Example of malware swapping out user addresses for attacker-generated addresses with similar prefixes
How we mitigate this issue:
- Use of a mobile app mitigates browser based address modification. While it doesn't make all malware impossible, it raises the difficulty significantly due to a variety of controls that ensure the integrity of the software. All mobile app builds must be cryptographically signed with a key only held by a Casa security officer, mitigating external attackers from deploying a malware-laden version of the app. Our build process uses two-man rules to ensure that builds cannot be signed off by the app developers, thus mitigating internal attacks by a compromised employee.
- Casa re-derives addresses independently on both our server and mobile devices. The integrity of address derivation on the server is additionally ensured via HMACs on the extended public keys that are added by our hardware security module. The mobile app will throw an error if there is a mismatch between server and mobile device.
- Use of Casa’s Sovereign Recovery data allows for additional validation of addresses via independent open source software. This is still an area of ongoing research to implement more user friendly methods for this external check.
Partially Signed Bitcoin Transactions (BIP 174) enable hardware devices to check the integrity of change addresses by passing extended public keys and derivation paths along with the change address, ensuring that they actually belong to the wallet.
Open sourcing software generally provides more trustworthiness but there are complications when it comes to mobile apps. We are not currently aware of a way to prove that the software installed via the iOS App Store or Google Play Store is the same software that is available in an open source repository.

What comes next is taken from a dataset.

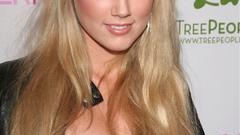 Woman blondes amber heard
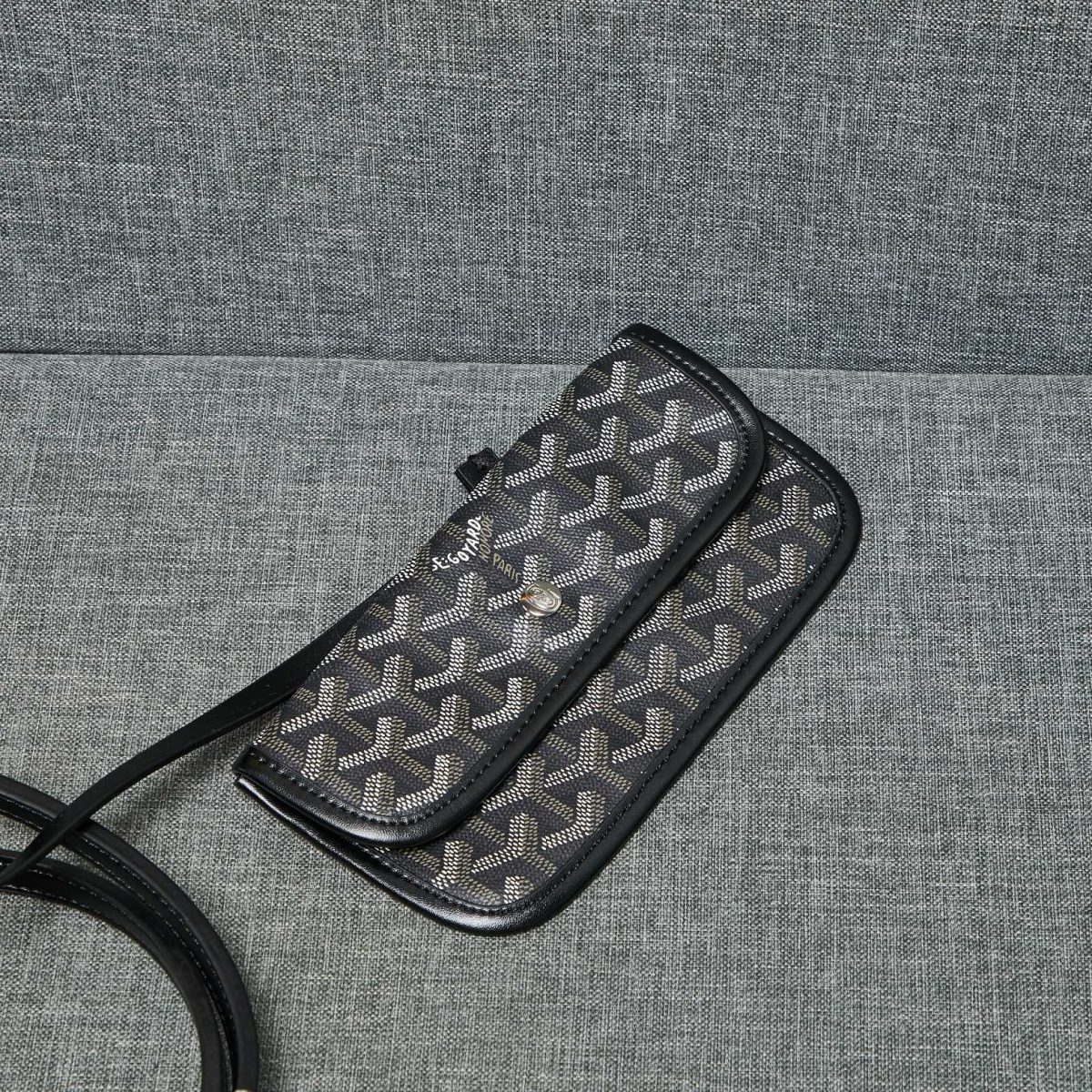 Goyard Saint Louis Shopping Bags 2-Size - Image 6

A payment protocol that involves the receive address being cryptographically attested to by the recipient could also improve the integrity of payments by eliminating man in the middle attacks. BIP 75 does this; it was proposed back in 2016 but never got much adoption due to privacy and fungibility concerns. As of today, it's recommended that when sending a high value bitcoin transaction you confirm the receive address out of band (via video / audio) to ensure it is correct.
Don't trust your browser; verify sensitive operations with other hardware and software!